I overseeded my lawn two and a half weeks ago. Bought the house a year ago and the lawn was very neglected; bare spots, very compacted. So I mowed, aerated the entire lawn, threw down some good top soil on the bare spots, seeded entire lawn, starter fertilizer, and have been diligent with the watering (in part because we'vegotten a lot of rain this Spring in the northeast). Bare spots have definitely germinated, but as expected, the rest of the lawn is very thick and grass is about 5-6 inches long. I'd like to mow it because I'm afraid the grass is getting so long that it will soon overshadow the new growth in the bare spots and starve them of sunlight.

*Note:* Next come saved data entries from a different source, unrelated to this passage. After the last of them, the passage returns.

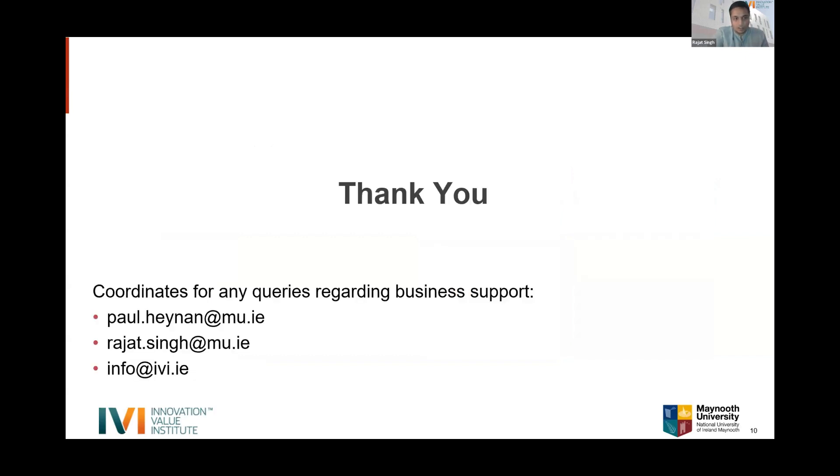Rajat closes by sharing contact coordinates for any queries about the business support program, and hands back to Paul, who notes it's great to get that overview of the projects across different sectors and different types of companies, and encourages organizations to engage — calling innovation vouchers a low-risk way to engage with an academic research institution and get real tangible outcomes to develop business ideas.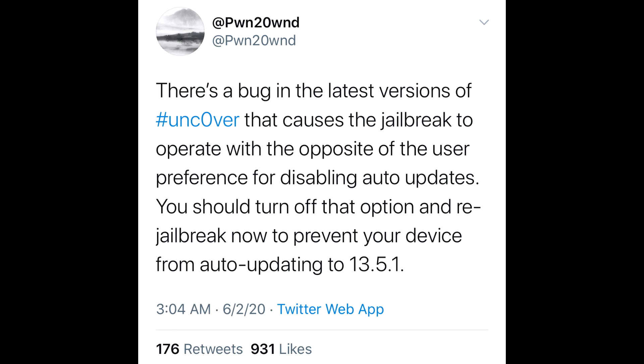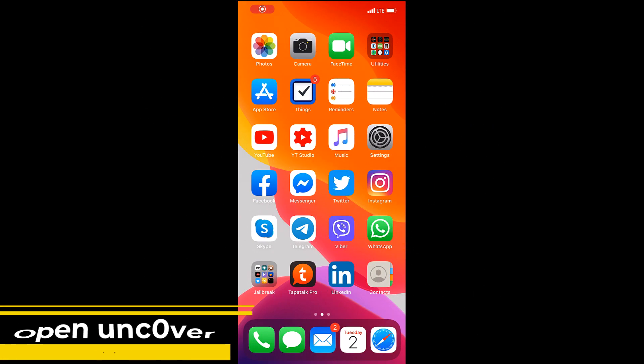The bug affects Unc0ver versions 5.00 and 5.01. If you are already jailbroken, please note that this bug might cause you to accidentally update your iPhone software to iOS 13.5.1, which is not supported by the jailbreak. So if you don't want to lose your jailbreak, please follow the steps I'm going to show you now.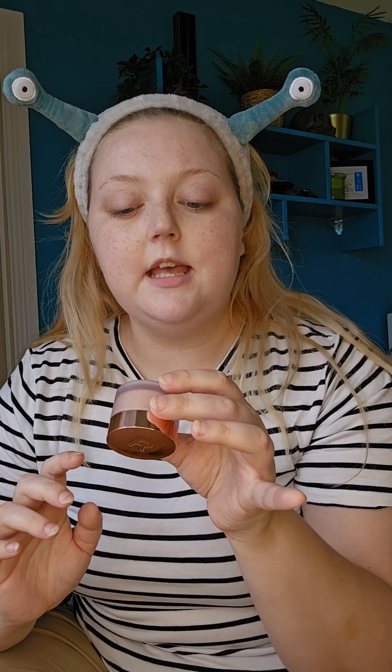I have a bunch of different products to try, so come along for the ride. The first one I'm gonna do is an under-eye corrector by Revolution. Obviously it's light to medium because I'm pale, but I'm sure there are other shades.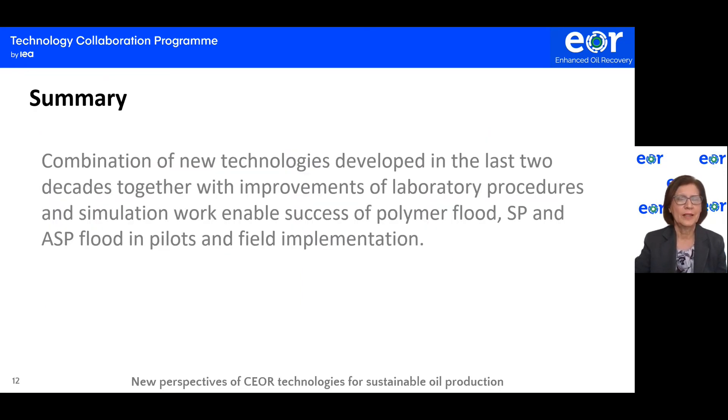In closing, the combination of new technologies developed in the last two decades, together with improvements in laboratory procedures and simulation work, enabled the success of polymer flooding, surfactant-polymer flooding, and alkaline surfactant polymer flooding in pilot and full field implementations. An additional remark is that in order to increase the number of chemical EOR projects involving surfactants, it is very important to accelerate the development of efficient surfactants with low-cost raw materials.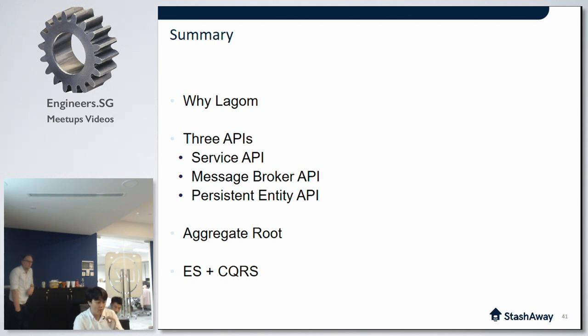In this talk I touched on why we chose Lagom, described three APIs, and gave a high-level overview of aggregate root, event sourcing, and CQRS. Now Mick will elaborate on how Lagom helps achieve consistency within your microservice systems. Thank you.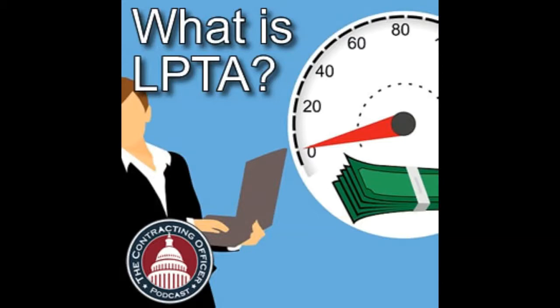Sometimes the government says they're going to do best value, but it becomes a de facto LPTA when they get to the evaluation. They call it a best value or trade-off, but low price wins every time. It does take more work on the government's part to do a true best value trade-off, and it takes more documentation. This is where industry needs to talk to government to help them understand what value you get by paying a little more, so the government can document it, defend it, and award to something higher than the lowest price.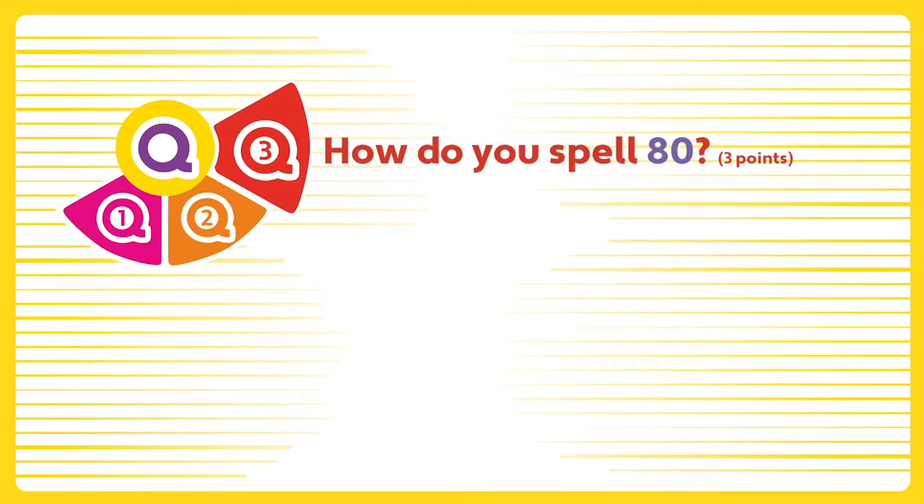Question three. How do you spell eighty?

I'll be mowing with a push mower. My question is, at this point, do I bag the clippings, or run the mower without a bag?


----------



## Muddysneakers77 (Nov 3, 2018)

Bag em


----------



## Babaganoosh (Apr 21, 2019)

People say that you can mulch but last year I had experimented and mulched a certain area. The turf is a lot thinner in that area. It's noticeable. Granted it was leaves because it was fall but it's noticeable enough that I'm not going to mulch after an overseed again.


----------



## Wheely34 (Apr 15, 2019)

Copy that. Thank you very much!


----------